出会い
「朝方のワインは素晴らしい。マリー、君もそう思わないか?」
「葡萄ジュースですけどね。」
「気分というものだよ。」
皆様ごきげんよう。相変わらず我が同居人は私に冷たい。
我が同居人であり最愛の人でもあるこの女性の名はマリア。私はマリーと呼んでいる。
彼女は俗に言う二重人格である。
といっても記憶は共有しているらしく二つ目の人格が出たあとは落ち込んだり恥ずかしがったりで部屋から出てこなくなったり…してしまうのだけれどそこも可愛い。
彼女の可愛さは言葉にしきれないし、少し時間がいやかなり時間が必要とされるのでここでは省こう。
それでは彼女との出会いについて話そうか。
ちなみにこれは私の頭の中で語られていることなので彼女には聞こえていない。
しいていうなら変人を見るような目で見つめられてはいるけれど…
いつものことだ。
彼女、マリーとの出会いはそう…仕事中のことだった。
その時の依頼はよく覚えていないが、私はターゲットの主催するパーティに参加していた。
その時の私は冷血…というのだろうか、誰も寄せ付けない様な男だった。
まだ若かったのだろう、周りをすべて敵と考えていたのかもしれない。
そんな私に声をかけてきたのがそう。マリーだった。
「楽しくありませんか?」
今でも覚えている。
淡い薄紅色のドレス。鈴のような声。他者のオーラには敏感な私でも嫌な感じがしなかった。
「あまりこういう場は得意じゃない…」
だから早く立ち去れ。そんな意味も含めて発した私の言葉に彼女は微笑んだ。
「仲間ですね。私もです。父様たちは嬉しそうですけど…私この家の人と婚約するそうなんです。」
彼女の手は小さく震えていた。
「政略結婚?っていうんでしたっけ。貴族の娘なんてみんなそんなものですけどね。…あ、ごめんなさい。こんな話。えっと、楽しんでくださいね!」
そういって去ろうとした彼女。
「え…?」
それを引き止めたのは私だった。
自分でも驚いていた。彼女の腕をつかみ引き寄せてしまったのだから。
「君は本当にそれでいいのか…?」
「え…でも父様が…」
「君の答えを聞いている!」
今思えば政略結婚なんて珍しくはない。
ただの気まぐれだったのかもしれない。
けれど…私は彼女といたい。
そんな感情ははじめてだった。
「わ、私は…結婚なんてしたくない」
か細い声。

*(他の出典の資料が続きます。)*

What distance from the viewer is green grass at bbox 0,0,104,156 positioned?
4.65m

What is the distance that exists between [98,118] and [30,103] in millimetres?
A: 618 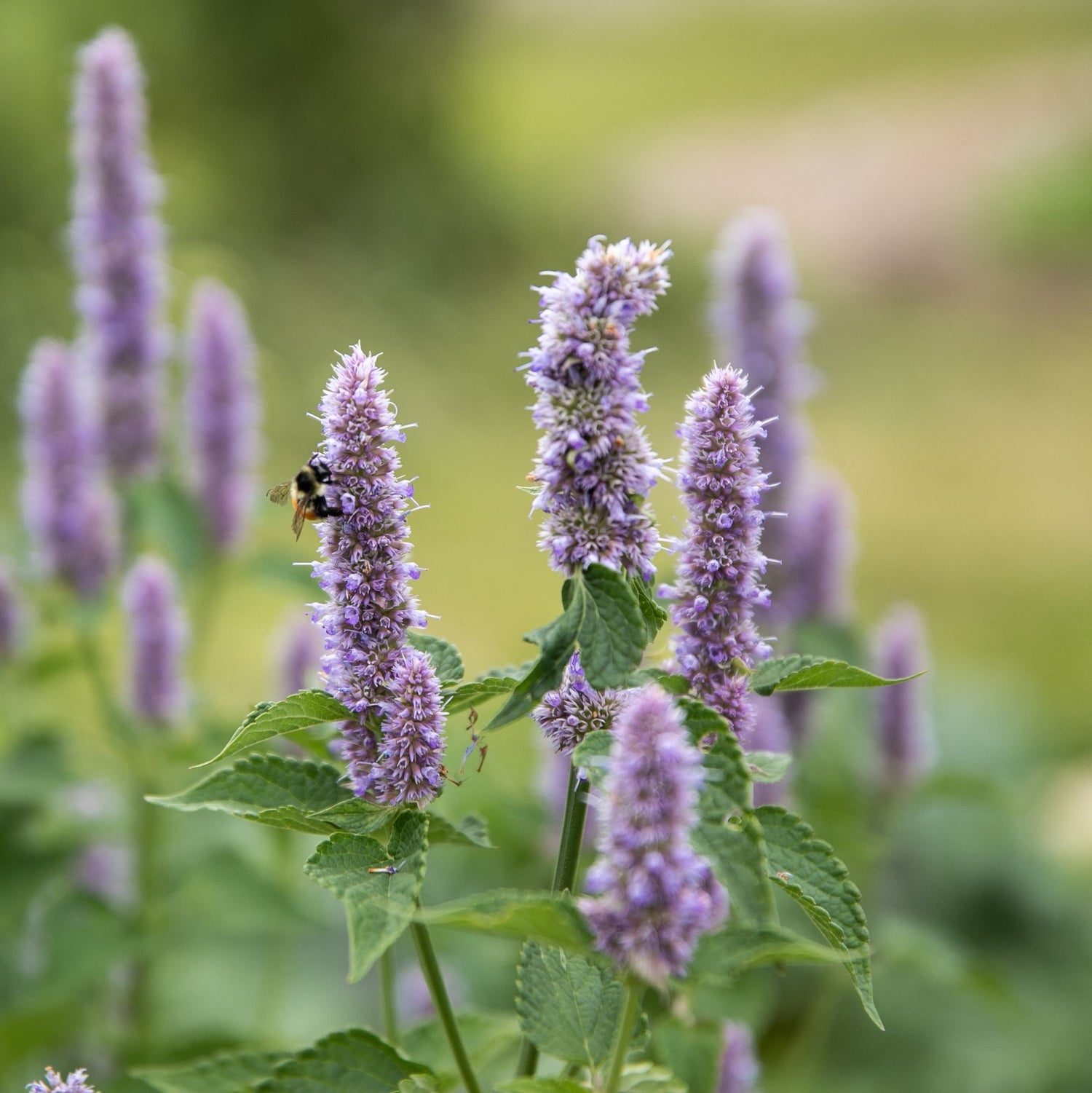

彼女は泣いていた。
「な、泣くな!ほら…」
慌てて渡したハンカチを受け取ると彼女は笑ってくれた。
「優しいですね。貴方は。私の意思を聞いてくれたのは貴方がはじめてです。」
「…私とこないか。」
考えるよりも先に言葉が出ていた。
「え…?」
戸惑う彼女をみて我にかえる。
「いや…すまない…今のは忘れ「いいですよ。」…へっ!?」
我ながら間抜けな声が出たものだと思う。
「貴方とならなんだか楽しそうです。…攫われるのなら…貴方がいい。」
そう微笑んだ彼女はとても輝いて見えた。
「…よろこんで。」
…それから彼女とは共に過ごしている。
ちなみにこの口調は彼女の好きなミステリー小説を共に読んでいたらいつの間にかこうなっていた。
彼女は大喜びだったのでよしとしよう。